▸ **Provided data**
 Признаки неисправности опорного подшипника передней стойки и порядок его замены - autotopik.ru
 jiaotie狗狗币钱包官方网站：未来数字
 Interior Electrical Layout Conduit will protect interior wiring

---

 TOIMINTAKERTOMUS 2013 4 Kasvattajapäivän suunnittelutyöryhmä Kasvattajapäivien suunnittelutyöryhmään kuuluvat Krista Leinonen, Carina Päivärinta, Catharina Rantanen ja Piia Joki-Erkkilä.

▸ **Task details**
Here the job is to set down exactly the lines of the material above that fall between the one with "Признаки неисправности опорного" and the one with "Interior Electrical Layout", inclusive, and nothing beyond them.

▸ **Exercise answer**
 Признаки неисправности опорного подшипника передней стойки и порядок его замены - autotopik.ru
 jiaotie狗狗币钱包官方网站：未来数字
 Interior Electrical Layout Conduit will protect interior wiring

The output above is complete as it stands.